After a few years in the industry, here are a few things I wish I could tell advertisers right off the bat, to hopefully have a more transparent and honesty business relationship.
1. A lack of planning on your part...
You know the old teacher adage. Deadlines are serious business. Do you need your advertising to start on Monday? Some products take up to 14 days to order, and that's simply the game.
2. An article probably won't happen
I invite you to think of the marketing and editorial departments as church and state. Sure, you may have been in business for 20 years, or have a new business idea, but it may not be news-worthy.

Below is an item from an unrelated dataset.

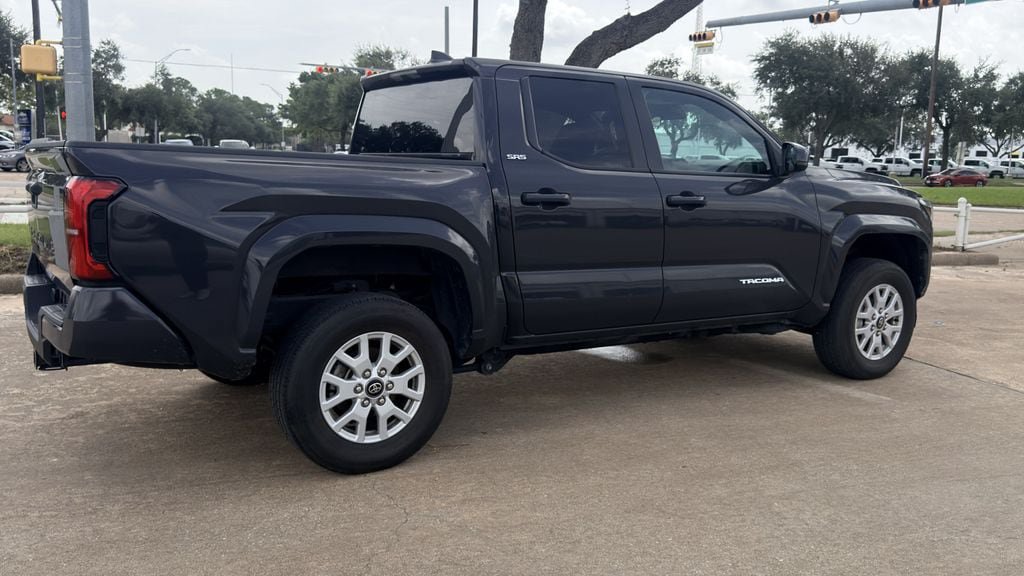 Used 2024 Toyota Tacoma SR5 AWD/4WD image 7
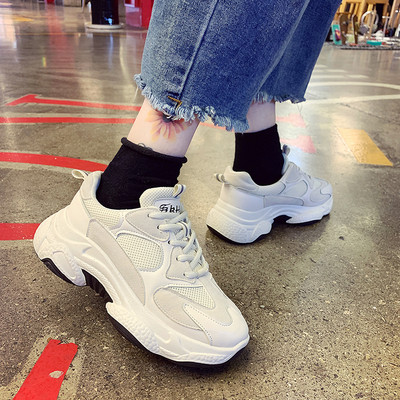 Γυναικεία αθλητικά παπούτσια με σκληρή σόλα σε μαύρο και άσπρο χρώμα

Consider the journalistic integrity of the major outlets we rely on; certainly we wouldn't want CNN masking an advertorial as breaking news.
3. Websites are everything
With affordable options and easy templates from Wix and SquareSpace, there is no reason your only digital presence should be a Facebook page. (Hey, did I mention I'm taking a webdesign class?)
4. Pay on time
Stay up to date on your advertising bills to ensure your campaigns run on time and your reputation within the industry stays clean. In larger agencies, the salesperson may not be aware of a past balance, causing a last-minute hold right before a campaign is set to start. Also, some of these agencies have high-turnover, and you don't want word of you unpaid bills to spread across firms.